Sacrifice the future to secure entrenched workers? Not right.
The other side of this, raising taxes, isn’t fair to taxpayers at all. They did not cause this problem, why should they pay? That’s pretty straightforward.
So let’s look at why we are in this problem.
The cost of pensions is shared by districts, the state, and teachers. A district and teacher will pay a percentage, then the state reimburses the district half of what it paid. This keeps the system fully funded. Simple enough.
Except that Governor Ridge instituted a program, effective 2001 and lasting until 2002, whereby districts did not have to contribute a dime to the pension system, and then in 2003 their contributions were very low.
Meanwhile, teachers kept on paying, but without the contributions by districts (and subsequent state money), the pension fund slowly but surely diminished. Over the years, the effect of this “contribution holiday” compounded, because the money was never made up. It needs to be made up for now, though, and it doesn’t look pretty.
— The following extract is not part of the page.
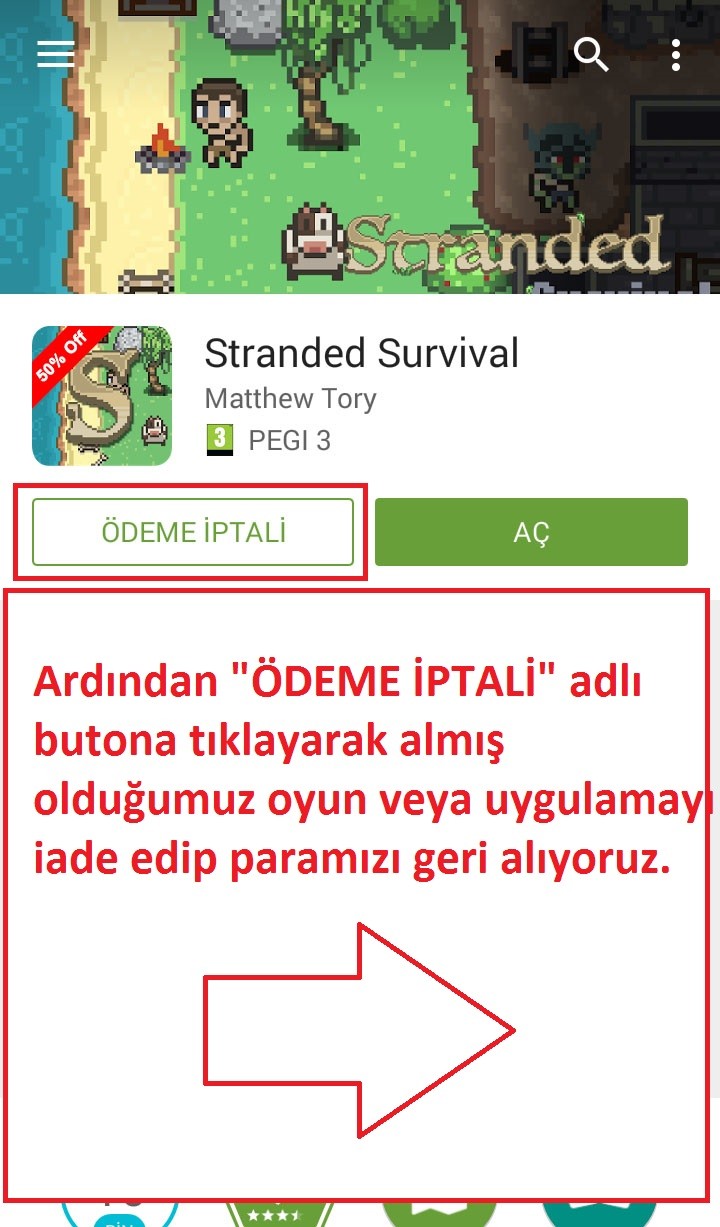 YkyG2z.jpg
Then the economic crisis hit, hitting the pension hard, increasing the shortfall and the inevitable cost of fixing it.
While this likely makes the Commonwealth Foundation jump up and down with glee, the effect, which Ridge had to be aware of, was that the pension fund would hit a crisis. People do not want to pay more taxes, especially not when it is to fund the retirement of teachers who get their summers off, those jerks. Conservative anti-unionists know this. So, there you have it, a crisis with two solutions: tax people, or destroy the pension. What do you think will be more politically popular? What do you think will be easier?
Yet another vestige of worker security gets destroyed. Yet another nail in the middle class coffin. Yet another success in the fight to destroy unions. The most clever part of this, as Jack London pointed out many, many years ago in the Iron Heel, is that the middle class taxpayers will be fully behind this. The best way for conservatives to fight is to divide and conquer. The middle class has been divided against itself for a long time, and we’ve been getting conquered bit by bit for years.
The saddest part of this is that there is no good solution to PSERS. Everyone will lose.